Records to process ::
'''

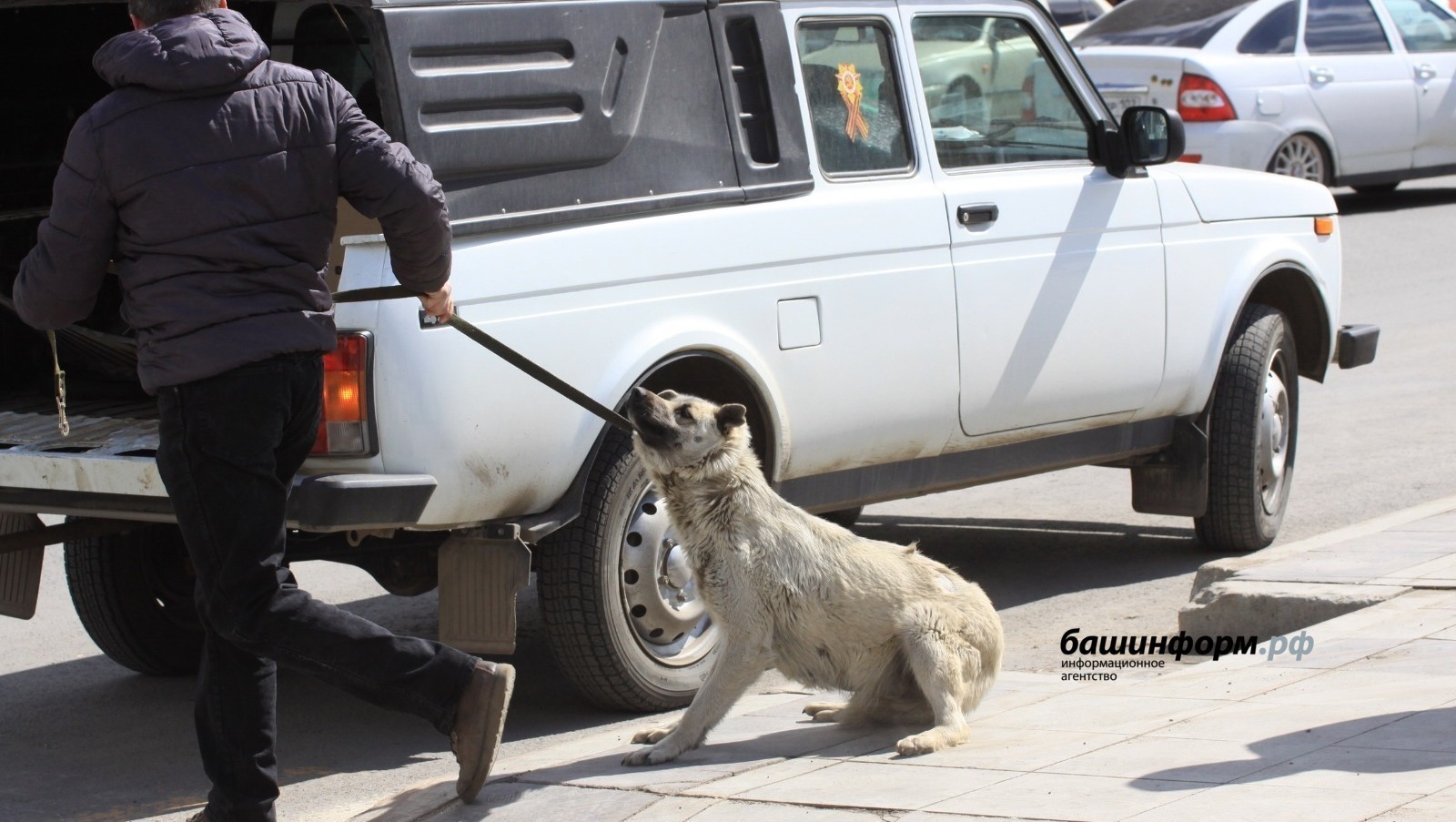 Частные приюты для животных в Башкирии будут получать поддержку государства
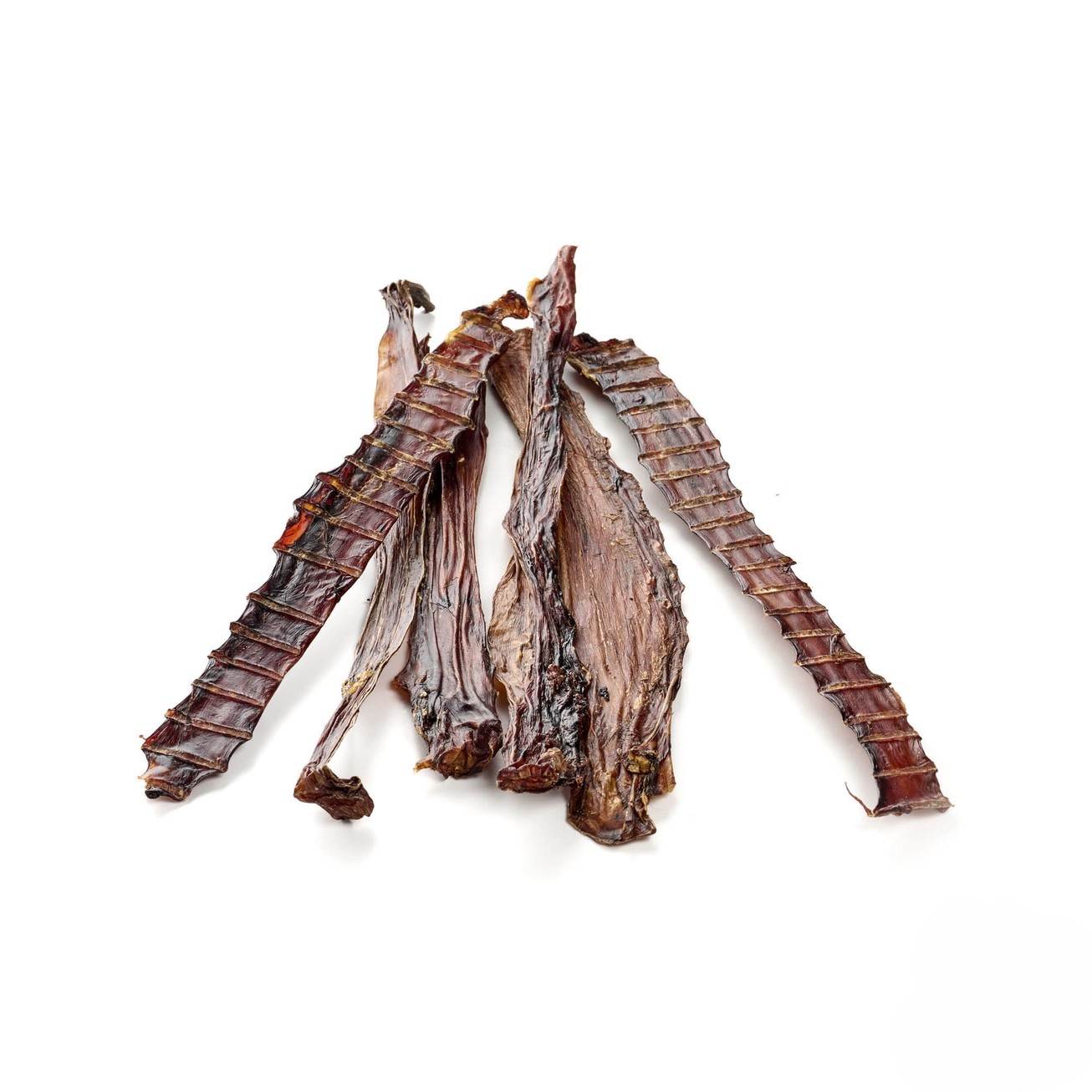 Œsophage d'autruche pour chien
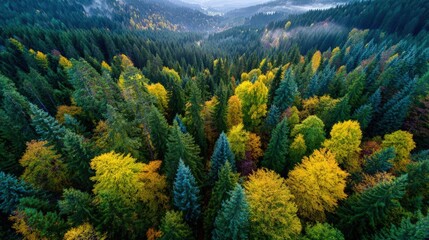 Autumn river valley aerial view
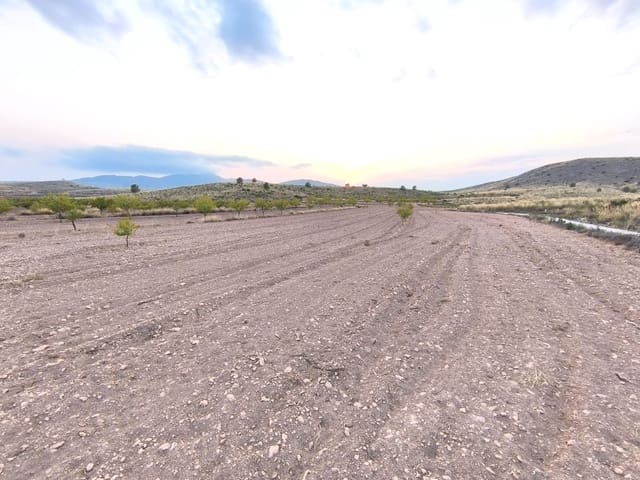 Undeveloped Land for sale in Pinoso - € 23,990 (Ref: 9193451)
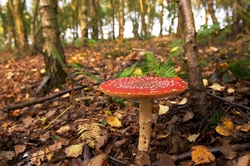 Natural World portfolio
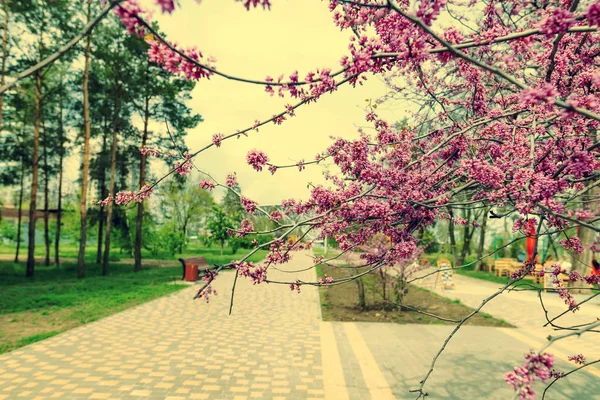 Gyönyörű virágzó tavasszal sok kis rózsaszín virágok — Stock Fotó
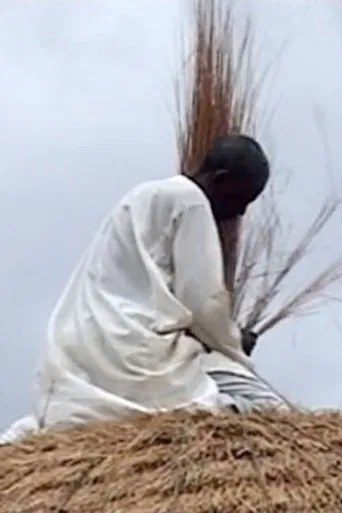 Diyam Wala: Water and Life in Kalfou Cameroon poster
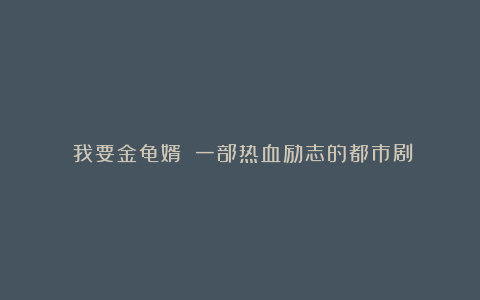 《我要金龟婿》：一部热血励志的都市剧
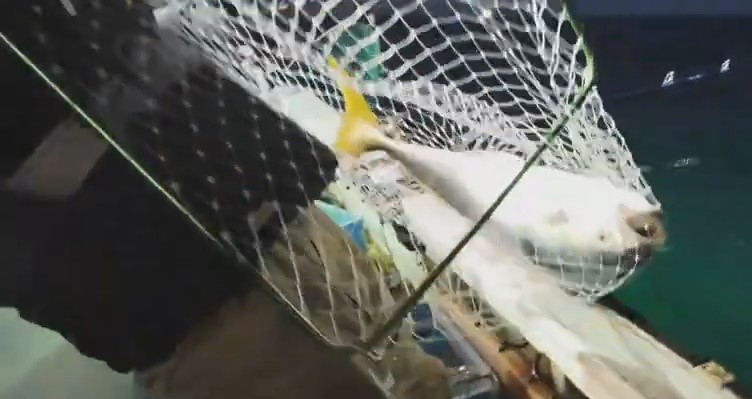 2匹目.jpg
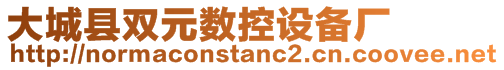 大城縣雙元數(shù)控設(shè)備廠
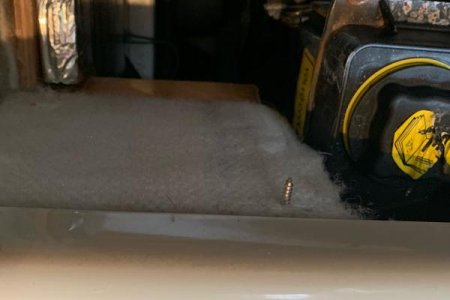 second screw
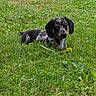 Merlin joined the competition — help win amazing prizes! puppy, dog, dachshund, grass, greenery, outdoor, pet, animal, cute, nature, young, small_dog, dappled_coat, head_tilt, curious, dandelion, lawn, playful, summer, relaxed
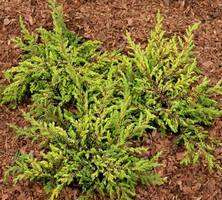 Jałowiec Pospolity Goldschatz Juniperus Communis 1l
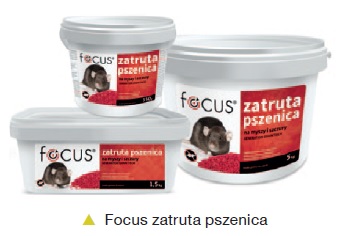 focus-pszenica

'''

Exactly as written, give again every line from the one containing "Jałowiec Pospolity Goldschatz" through the last line of the material, both included, with the pictures left out.

 Jałowiec Pospolity Goldschatz Juniperus Communis 1l
 focus-pszenica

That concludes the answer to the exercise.